The movies in the middle of the 20th century began to mirror a society in the United States that was grappling with the sexual revolution, racial tensions and a younger generation increasingly at odds with the authority of the nation’s leaders.
This presented challenges to the U.S. bishops’ Catholic film office — the National Legion of Decency — which up until the 1950s and 1960s had wielded a tremendous amount of power with Hollywood film studio chiefs.
The legion had — in large part — been able to keep the studios from releasing content it deemed morally unacceptable for decades, but the times were indeed changing and so was the public’s idea of what was moral.
Faced with a changing social landscape, as early as the 1950s, the Catholic film office began to give broader consideration to the artistic value of films that depicted topics and used language that might have earned a condemned classification in the past, said Frank Frost.
Frost was a founder of the U.S. membership affiliate of the International Catholic Organization for Cinema, now Signis, and a movie critic for the National Catholic Office for Motion Pictures, known as NCOMP, from 1964 to 1971. NCOMP was the legion’s successor organization.
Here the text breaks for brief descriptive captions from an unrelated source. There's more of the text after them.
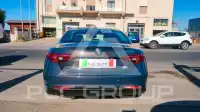 2016 Alfa Romeo Giulia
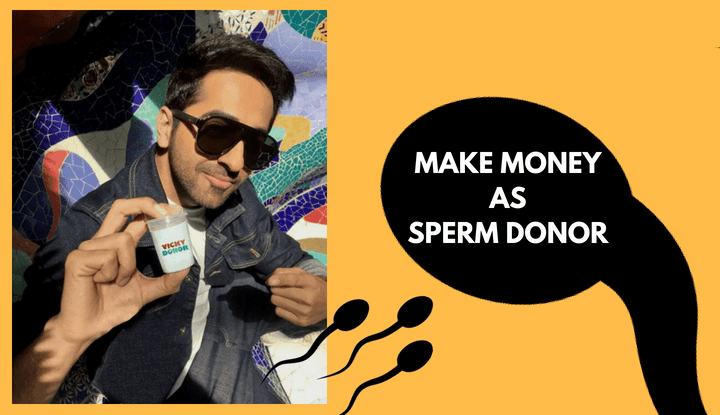 Sell your sperm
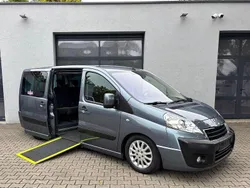Gris fer Gebraucht 2016 Peugeot Expert Van | 27.950 €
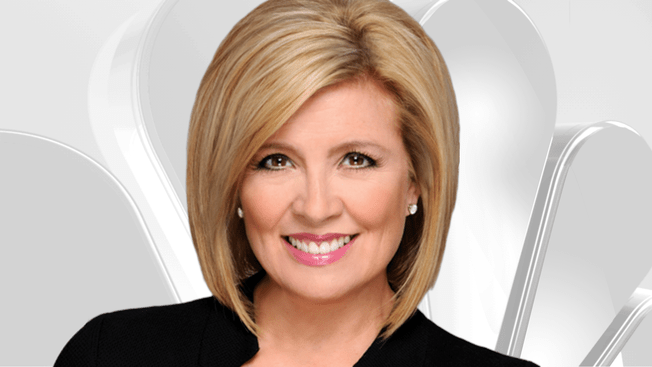 Allison Rosati Nbc Chicago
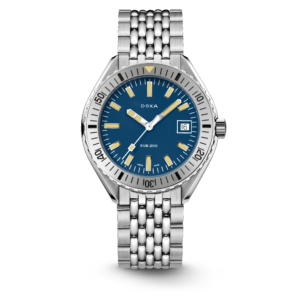 DOXA SUB 200 Caribbean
“In the 1950s, you could see the Legion of Decency losing ground and it had to make some concessions,” said Bernard F. Dick, a renowned film scholar and author who worked as a movie reviewer for NCOMP from 1967 to 1981.
“I don’t think they quite knew what to do with ‘A Streetcar Named Desire,’” Dick told Catholic News Service during an August interview at his home in Teaneck, New Jersey, referring to the 1951 film adapted from Tennessee Williams’ Pulitzer Prize-winning play. “They realized it was too important a work to give it a ‘C (Condemned) rating.’”
In 1957, Pope Pius XII issued his encyclical “Miranda Prorsus,” which called for a more positive engagement with mass media, and in the years leading up to the Second Vatican Council in the 1960s, there were changes in the Catholic outlook on contemporary society and how life was depicted in motion pictures, said John Mulderig, assistant director for media reviews for CNS.
“That’s what really laid the groundwork for a sense that the legion was too cut and dry in its assessments, too negative in its approach,” Mulderig said. “That a more nuanced and perhaps a more positive engagement with Hollywood needed to prevail.”
There had been a sense from the Catholic laity that the church needed to embrace some of the cultural change happening in the 1960s and the Catholic leadership began to respond to that, said Russell Shaw, a writer with the Catholic press who served from 1969 to 1987 as secretary of public affairs for what was then known as the National Conference of Catholic Bishops and U.S. Catholic Conference.
For an institution that critics frequently say doesn’t move in days, weeks or years — but in centuries — U.S. Catholic leaders made relatively swift changes to how their film office looked at the movies.
The first order of business was to change the name in 1965 from the rather militant sounding National Legion of Decency to the more neutral sounding National Catholic Office for Motion Pictures, Mulderig said.
In addition to assessing the moral content of films, the newly named NCOMP also began to review the movies to evaluate their artistic and cinematic value, something that the Legion of Decency had purposely avoided, he said.
“The new approach, the critical approach to motion pictures, was interesting and helpful,” Shaw said, “probably to more educated, more sophisticated consumers of NCOMP’s movie reviews.”
Like the legion, NCOMP published a newsletter with the movie reviews and classifications for its subscribers and CNS continued to offer them to its clients for reprinting in Catholic newspapers and magazines, Mulderig said.
The new approach was led by Jesuit Father Patrick J. Sullivan, who served as the director of NCOMP, and Henry Herx, who reviewed more than 10,000 films before he retired in 1999.
Herx, who had helped establish the Chicago Center for Film Study in 1962, took a different approach as a film critic, and during his time at NCOMP, he reclassified hundreds of films from the days of the legion, which had attempted to purify the cinema, Frost said.
“Henry really set a new standard and he was given the green light by Father Pat Sullivan,” he said. “The transition from the legion to NCOMP was really kind of revolutionary in the Catholic world.”
Some of the classification names were changed too, such as the “C (Condemned) rating” that became the less judgmental sounding “O (Morally Offensive) classification.”
Grittier movies that might have been condemned by the Catholic film office a decade earlier, such as 1966’s “Who’s Afraid of Virginia Woolf?” and 1969’s “Midnight Cowboy,” were given the new classification of A-IV (Adults, with reservations), Frost said.
“These movies were dealing with real-life issues, dilemmas, in a creative and artistic way,” Dick said. “Yes, the language was harsh. Yes, some of the scenes were suggestive, but there was a price to pay for their lifestyle, so, there was a moral to these stories.”